[Numpy-discussion] Numeric3

Gary Strangman strang at nmr.mgh.harvard.edu
Mon Feb 7 08:42:17 CST 2005

Hi all,

[Long post: a long-time lurker here sharing his numerical 
experiences/input re: "the numeric split" and Numeric3.]

I'm a long-time python user (and follower of this list), a heavy user in 
the numerical realm, and an "incidental" contributor to SciPy (statistical 
functions in stats.py). First, I'm impressed (and indeed amazed) at all 
the hard work folks have put in--usually without pay--to make Numpy and 
Numarray and SciPy and Matplotlib (to name the major players in this 
discussion). I am indebted to each of you. Second, I must say that I think 
this protracted discussion is EXACTLY what the python numerical community 
needs. It appears as though we have critical mass in terms of code and 
interest (and opinions), and just need to bring them all together.

Since the inception of numarray, I've just been standing back and waiting 
to see how this all sorts itself out. My stats functions work for lists 
and numpy arrays.

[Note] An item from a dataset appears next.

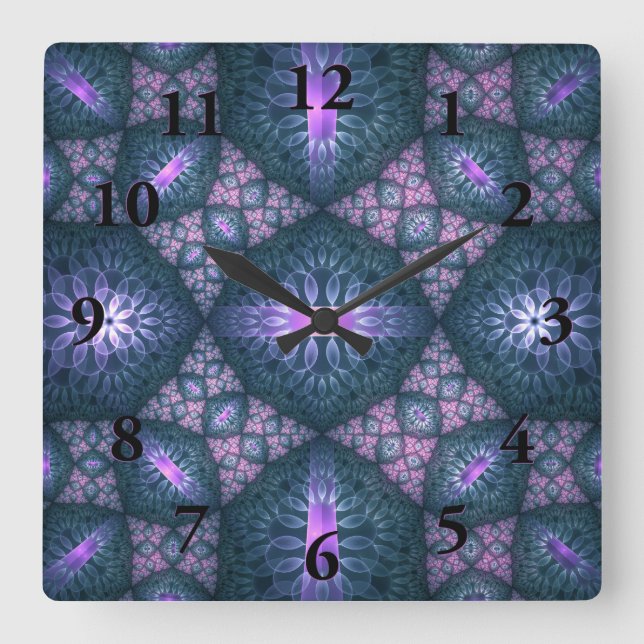 3D Fractal Art Pattern Turquoise Purple Pink Square Wall Clock (Front)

I didn't want to convert them to numarray (given my lack 
of spare time) unless that was going to be the "new path". It appears, 
however, even after all this time, there isn't (quite) a consensus on a 
new path. After the recent message-storm, however, I am very hopeful. I 
see 4 issues at stake here, with the caveat that I'm not the code writer, 
just a user ...

1) Multiarray in Python core: I agree that this (as already stated) is (1) 
mostly irrelevant for heavy-duty numerial folks, BUT (2) is critical to 
provide for python a standardized exchange data format. Being able to 
trivially (i.e., out of the python box) load, save, pickle and load again 
on a new platform N-D array objects would be a big deal for me (and many I 
work with). Such a core object can't favor any particular size array ... 
so it would need to provide good (or excellent) performance on both little 
arrays (a la numpy) and on big arrays (a la numarray). To be in keeping 
with other python objects, it seems this object would need to be tight, 
fast and easily extensible. I *think* this is exactly what Numeric3 is 
intended to do. Getting this right is tricky, but it seems like current 
solutions are EXTREMELY close.

2) Numerical function "packaging": Looking at this from a distance (i.e., 
as a user) numerical packaging is too complex. The python spirit seems to 
call for being a bit more of a splitter (and encapsulator) than a lumper. 
For example, to do web programming in python, one often depends on several 
separate modules (html, xml, cgi, etc) rather than one all-encompassing 
one. To give numerical work the same modular feel (as well as structure 
and insulation from installation headaches), it seems that collections of 
numerical operations should be similarly organized on themes (e.g., 
timeseries analysis, morphology (nd_image?), statistics (stats.py), etc). 
This way, if you're doing timeseries analysis you import the relevant 
modules and go to work ... no worries about installing stuff required for 
morphology or statistics that you don't need. I realize this might require 
(in some cases) more refactoring, but I don't think I'm supporting 
anything *that* different from what already exists. Granted, the notion of 
what's "basic" vs. advanced is relative (e.g., where do you put fft, or 
linear_algebra?). But if made modular and encapsulated (e.g., an fft.py, 
linear_algebra.py, integration.py, morphology.py) and made available both 
individually and as part of one or more suites--see #4 below, it's easier 
to build on existing code rather than reinvent. Interestingly, although 
not obvious, this is how Matlab works too. Your first $500 pays for basic 
array-based functionality (fft, psd, etc). Then there are add-on toolkits 
(at $500 each) specifically for timeseries analysis, imaging, wavelets, 
engineering simulation, etc.

3) Plotting: Until perhaps a year ago, I did almost all my computations in 
python, then saved data out to disk, and read it into matlab to plot it. I 
hated that situation, but it was the only way to quickly and easily look 
at data interactively, with zoom, easy subplotting, etc. Matplotlib has 
all but solved this problem (thanks!!). John indicates that the ultimate 
goal with matplotlib is to provide plotting, not just scientific plotting, 
which is even better! In that case, though, and in keeping with my 
previous comment, perhaps the name matplotlib is a little misleading 
(suggesting scientific plotting only). Again, if I were familiar with 
python but just starting timeseries analysis, I would expect to load my 
data into a (multiarray) python object, import timeseries.py, import 
plotlib.py (i.e., matplotlib) and go to work doing timeseries analysis ... 
be that at LLNL, Wall St, or in my neuro lab.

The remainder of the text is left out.